You are rocking through your shift, feeling awesome because you kind of know what you’re doing now, and your charge nurse comes up to you to say you are getting a patient from the PACU. As soon as she finishes that sentence, the phone rings.
They’re calling report.
CRAP! I’ve never taken care of a fresh post-op! BAAHHH!
Ok calm down - this is no big deal. You’ve got this! Let’s talk about your post-op priorities.
GET YOURSELF TOGETHER, MAN.
Look at their labs, take a look at the post-op orders the physician has put in, and grab everything you’ll need before they roll on the floor. Once you see them rolling on the floor, meet them in the room. Complete a quick head to toe assessment and ask them who they want to be their go-to person/emergency contact to be.
I say this because it can get a little dicey if you ask them in front of their family to pick one go-to person. I also find that this is the best to ask this immediately. This lets you know whom to ensure to include in post-op teaching, get contact information, and establish communication with the patient and their support system.
Go get the family from the waiting room and introduce yourself. On the way back, go over your unit rules, contact info, and plan of care. Drop them off at the door and go chart that beautiful assessment you just did.
Make sure you have orders for pain meds, oral and IV.
Please don’t underestimate the importance of Zofran. It’s a beautiful medication. Many patients experience post-operative nausea, especially when they are requiring pain medication.
Remember, pain + pain meds + empty stomach = pukes
Once they have kept some crackers/clear liquids down, get some oral pain meds in them. They last much longer than IV pain medications and the sooner you can get them to oral meds and off IV meds, the better.
Please educate your patients on pain control. Pain pills don’t kick in for 30-45 minutes, so if they wait to tell you that they’re hurting until it’s unbearable, that little pain pill won’t help near as much if it would have if they had let you know earlier.
My final thought about pain medications post operatively is to not over do it. Some patients have unrealistic expectations and believe that they should never experience any pain, and after surgery they need to expect some pain and discomfort. We will not completely take away the pain but our goal is to control it. If they are so out of it that they require a sternal rub to wake them up – they’ve had way too much pain medication! You need to administer something to reverse it (typically Narcan) because you don’t want them to stop breathing.

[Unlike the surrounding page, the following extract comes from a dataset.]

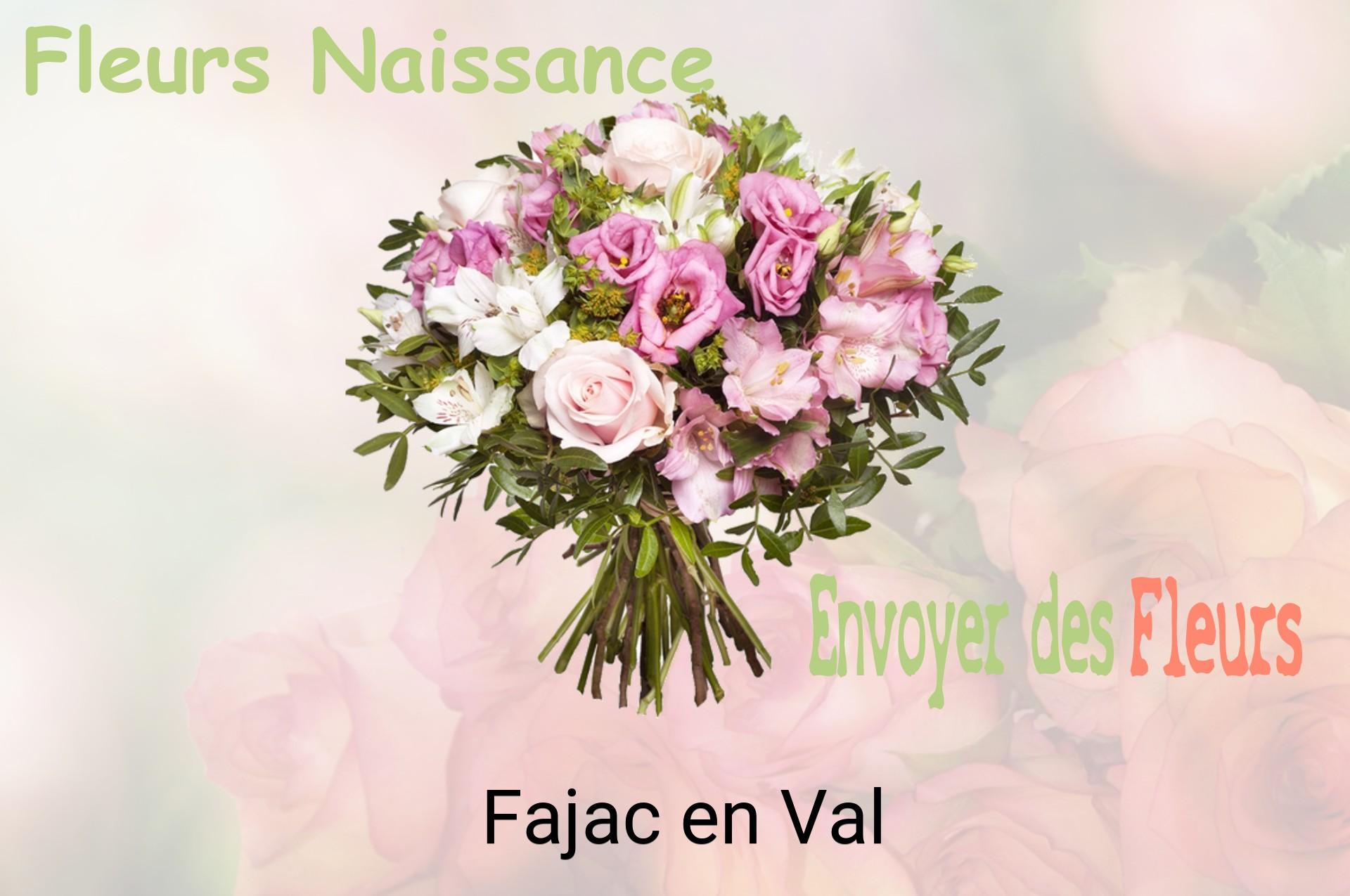 Bouquet de fleurs de naissance livré à Fajac-en-Val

Seriously. People stop breathing from being overmedicated with pain meds. Control their pain appropriately, don’t over do it!
Typically, the surgeon removes the first post-op dressing when they round the next day or whenever they deem appropriate. Chances are, if there is drainage they’ll only want you to reinforce the dressing, not tear it down and place a new one. Just assume this unless told otherwise.
When the PACU nurse brings the patient up, look at the dressing together and make sure it looks the same. If there is drainage on the dressing, outline it with a Sharpie. Time/date/initial it as well so you know how much is draining.
If their incision is open to air (which isn’t typical but does happen!) – make sure you look at it with the PACU nurse as well.
POOPS + PUKES.
Remember to advance their diet slowly. Only allowing clear liquids until they start passing gas is always a good rule of thumb.
I’ve had patients say that they are desperately craving a cheeseburger, I tell them no because they’ll throw up, and the family goes and gets them a cheeseburger and fries and guess what? 20 minutes later they’re barfing it up and moaning in pain from their incision. Now we’re quickly giving anti-nausea meds and pain meds to catch back up.
You also need to make sure they’re getting up as soon the doc allows after surgery. After a patient gets tons of meds during surgery, pain meds afterwards, and have been laying in bed, their bowels slow down. This is why basically everyone is on Colace (or some other stool softener) postoperatively.
Constipation can be no friggin joke. Educate your patients on the importance of stool softeners and getting out of bed!
Control pain and nausea, get your patients out of bed, communicate with your patient and their support system, be prepared, assess and chart immediately and you’ll be good to go!